[日常刷题]leetcode第四天

20. Valid Parentheses

Given a string containing just the characters ‘(‘, ‘)’, ‘{‘, ‘}’, ‘[’ and ‘]’, determine if the input string is valid.

An input string is valid if:

1.Open brackets must be closed by the same type of brackets.
2.Open brackets must be closed in the correct order.
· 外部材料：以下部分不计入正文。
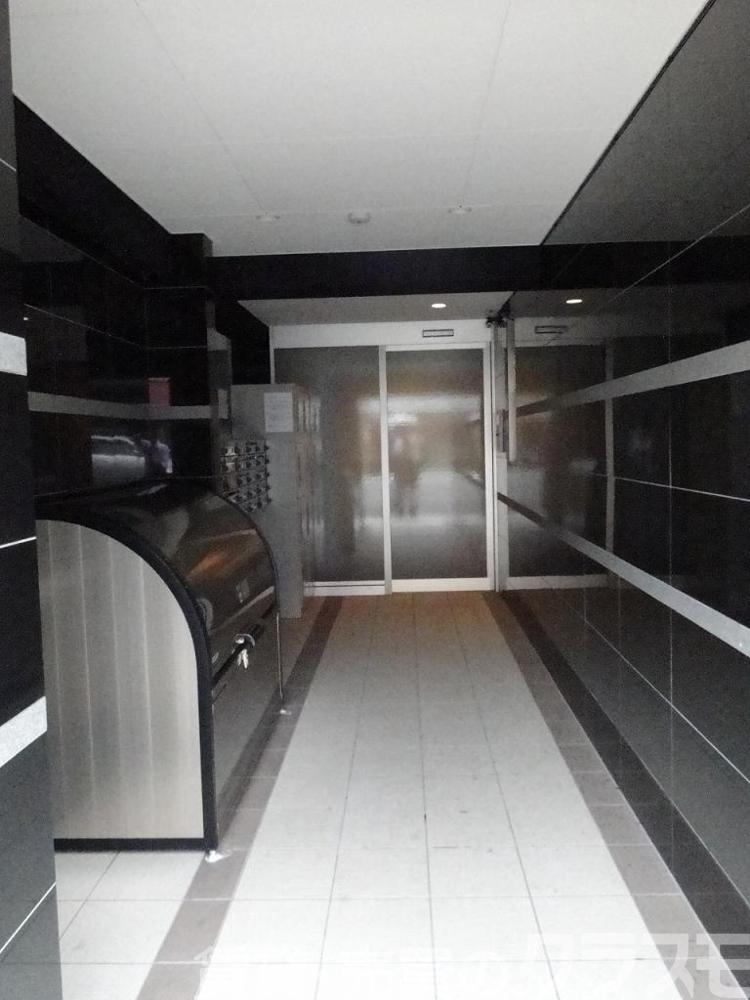 29/30 エントランス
Note that an empty string is also considered valid.

Example 1:

Input: "()"
Output: true

Example 2:

Input: "()[]{}"
Output: true

Example 3:

Input: "(]"
Output: false

Example 4:

Input: "([)]"
Output: false

Example 5:

Input: "{[]}"
Output: true

Solution in C++:

关键点：如何表示括号及其匹配问题

bool isValid(string s) {
        map<char,int> myMap;
        myMap['('] = 1;
        myMap[')'] = 2;
        myMap['['] = 4;
        myMap[']'] = 5;
        myMap['{'] = 7;
        myMap['}'] = 8;

        vector<char> vec;
        size_t i = 0;

        for (auto c : s)
        {
            if(myMap[c] == 0)
                return false;

            if (!vec.empty()){
                if (myMap[vec.back()] != (myMap[c]-1))
                    vec.push_back(c);
                else
                    vec.pop_back();
            } else{
                vec.push_back(c);
            }

        }

        if (vec.empty())
            return true;
        else
            return false;

    }

21. Merge Two Sorted Lists

Merge two sorted linked lists and return it as a new list. The new list should be made by splicing together the nodes of the first two lists.
Example:

Input: 1->2->4, 1->3->4
Output: 1->1->2->3->4->4

Solution in C++:

方法一：没有头结点

ListNode* mergeTwoLists(ListNode* l1, ListNode* l2) {
      ListNode* merge = nullptr;
      ListNode* ret = nullptr;
      if (l1 == nullptr) return l2;
      if (l2 == nullptr) return l1;

      if (l1->val < l2->val){
              merge = l1;
              l1 = l1->next;
          } else{
              merge = l2;
              l2 = l2->next;
          }
           ret = merge;
       while(l1 && l2){
          if (l1->val < l2->val){
              merge->next = l1;
              l1 = l1->next;
          } else{
              merge->next = l2;
              l2 = l2->next;
          }
          merge = merge->next;
      }

      if (l1){
          merge->next = l1;
      } else{
          merge->next = l2;
      }

      return ret;
}

方法二：有头结点

ListNode* mergeTwoLists(ListNode* l1, ListNode* l2) {
      ListNode *head= new ListNode(-1), *cur = head;
      while (l1 && l2) {
          if (l1->val < l2->val) {
              cur->next = l1;
              l1 = l1->next;
          } else {
              cur->next = l2;
              l2 = l2->next;
          }
          cur = cur->next;
      }
      cur->next = l1 ? l1 : l2;
      return head->next;
}

错误写法（只写函数体内的代码）：

ListNode* merge = nullptr;
ListNode* ret = nullptr;
bool flag = true;
while(l1 && l2){
    if (l1->val <= l2->val){
        merge = l1;
        l1 = l1->next;
    } else{
        merge = l2;
        l2 = l2->next;
    }
    if (flag){
        ret = merge;
        flag = false;
    }
    merge = merge->next;
}

if (l1){
    merge = l1;
} else{
    merge = l2;
}

return ret;

错误分析：此处写法，merge的作用是想将l1和l2链表的结点链接起来，但是实际作用merge指针只是指向了不同的结点，而并未改变结点next指针域的指向。

小结

1.练习了C++中map和vector的使用
2.对链表的知识进行了复习，但是发现掌握的并不好，还有对指针的理解也存在一定的问题。之后会对链表知识专门进行整理，并且在日后的刷题过程中也需要对链表的使用进行总结。
3.链表中结点之间的链接改变是通过next指针域的改变而改变的。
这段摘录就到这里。